Selected working papers

  • Fragility of Competitive Equilibrium with Risk of Default (with Gaetano Bloise andd Pietro Reichlin), mimeo, December, 2011

  • Abstract
    We study competitive equilibrium in sequential economies under limited commitment. Default induces permanent exclusion from financial markets and endogenously determined solvency constraints prevent debt repudiation. Our analysis shows that such an enforcement mechanism is essentially fragile, leading to equilibrium multiplicity. We accomplish this by establishing Welfare Theorems under a weaker notion of constrained efficiency, inspired by Malinvaud, corresponding to the absence of welfare improving feasible redistributions over finite (though indefinite) horizons. A Negishi's Method permits to show that, for any arbitrary value of social welfare in between autarchy and constrained optimality, there exists an equilibrium attaining that value. Thus, competitive equilibria might differ dramatically in terms of volumes of trade, asset price volatility, individuals' ability to insure against idiosyncratic risk and consumption inequality.
    Keywords: Limited commitment; solvency constraints; Malinvaud efficiency; Welfare Theorems; Negishi's Method; indeterminacy; market collapse.
    JEL Classifications: D50, D52, D61, E44, G13

  • Production and financial policy under asymmetric information (with J. Dréze and E. Minelli), CORE Discussion Paper 2004

  • Abstract
    We propose an extension of the standard general equilibrium model with production and incomplete markets to situations in which (i) private investors have limited information on the returns of specific assets, (ii) managers of firms have limited information on the preferences of individual shareholders.
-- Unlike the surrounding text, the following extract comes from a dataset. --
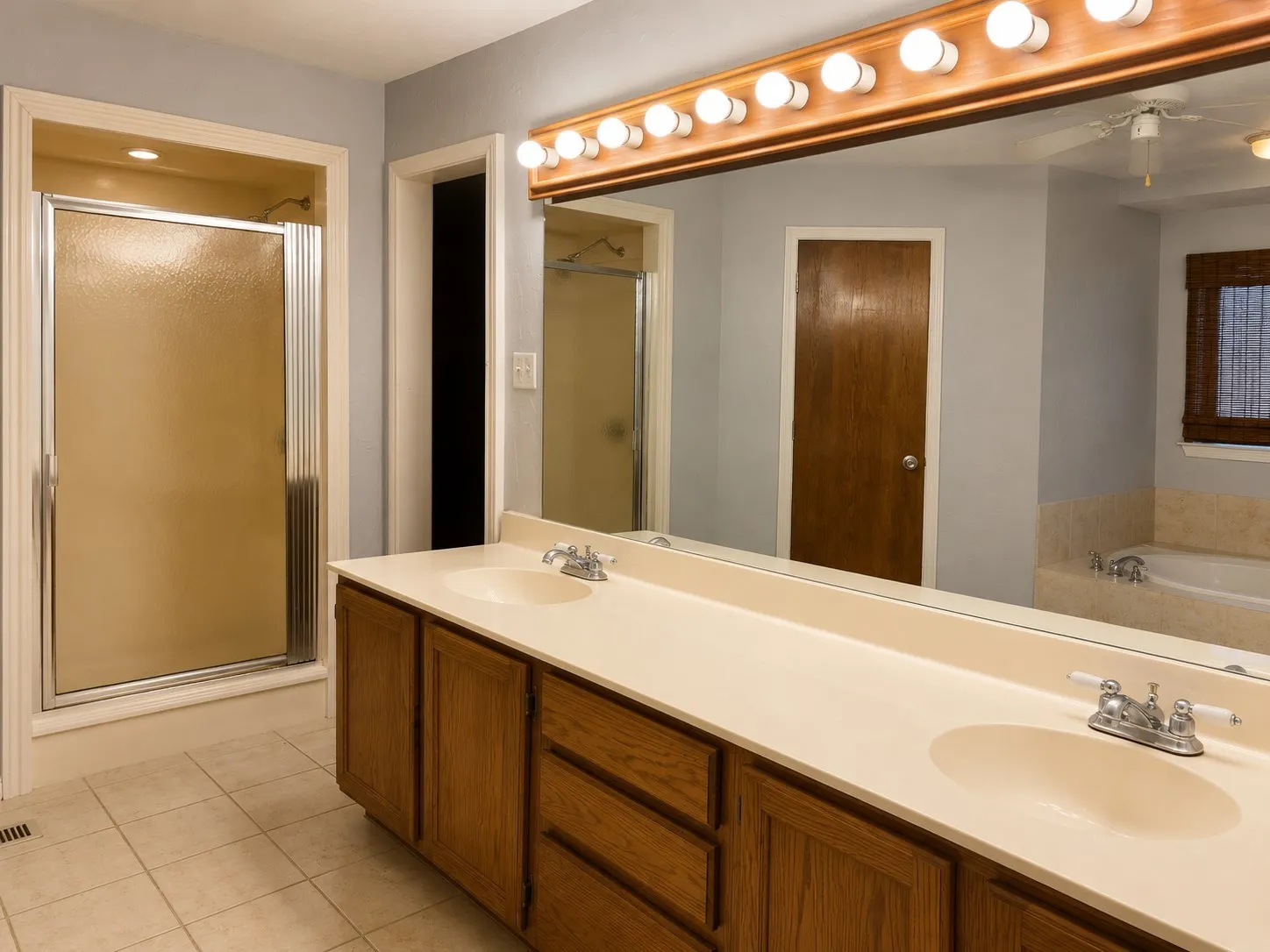 Single Family Residence For Sale in Tarrant County , 88 Morrow Drive, Bedford, Texas 76021, 2 Bedroom, 2 Bathroom, 2 Garage spaces, 1,554 Sqft, built in 1984, mls#21295701, Real Estate Agent in Bedford, Homes For Sale in Tarrant county, Homes For Sale in Bedford, Realtor in Bedford Texas, Real Estate Brokerage Independent Realty Texas, Luminita Cordes Realtor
The extension is obtained by the assumption that firms are not traded directly but grouped into ‘sectorial’ funds. In our model the financial policy of the firm is not irrelevant; we define a decision criterion for the firm that takes into account both its production and financial decisions. With this criterion, we prove the existence of equilibria. Then we discuss the nature of the inefficiencies introduced by the presence asymmetric information. In an appendix we illustrate the properties of the model in the CAPM framework.
    JEL Classifications: D52, D81, D82.